Well before Kobe Bryant was drawing comparisons to Michael Jordan, many believed the next transcendent NBA superstar would be Grant Hill.
Unfortunately, injuries robbed Hill of many of his prime years, but he was still able to have a nice career and play against many of the best the league had to offer.
In an interview with Sean Deveney of The Sporting News, Hill revealed that no one was more difficult to guard than Kobe:
“In Phoenix, why the hell I was guarding him at 36, 37, I don’t know,” Hill told Sporting News. “It was one of those things where, of all the guys I had to guard at that time, he was by far the toughest.”
Hill would expound on exactly what made Kobe so difficult to contain:
“Certain guys, even All-Stars, you can guard and you have a game plan […] But with Kobe, he was so good, you could throw all the analytics out the window, you could forget trying to play against his tendencies and all of that. Because you could do everything right. You could be on him, you could guess right on what he was going to do, you could time it perfectly, everything. And you turn around, and the ball goes in. And you go, ‘Well, OK.’ ”

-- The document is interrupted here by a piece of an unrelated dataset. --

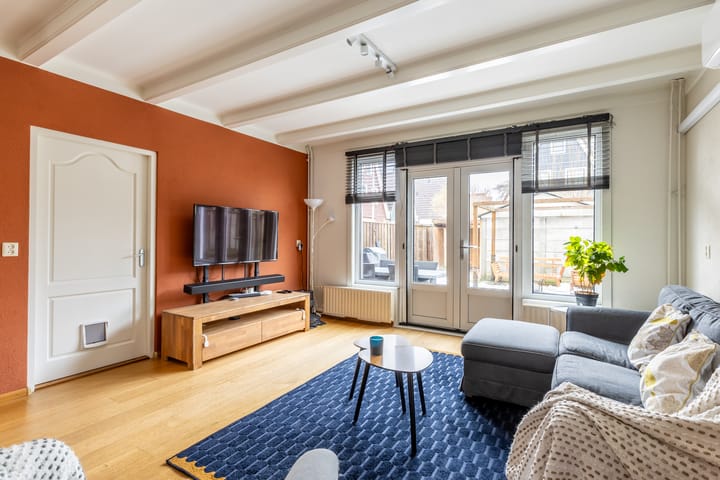 Photo 11 of Crocuserf 42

Kobe has always garnered a lot of respect from his peers and this is another case of that. There have been plenty of cases where someone defends Kobe as perfect as possible and it doesn’t matter.
Few know that as well as Hill, who was guarding Kobe in the 2010 Western Conference Finals when he hit an extremely difficult fadeaway jumper to ice the game and series. That shot is most notable for Kobe patting Suns coach Alvin Gentry on the butt after, but it also served as a reminder that no matter what an opponent did, Kobe could not be stopped.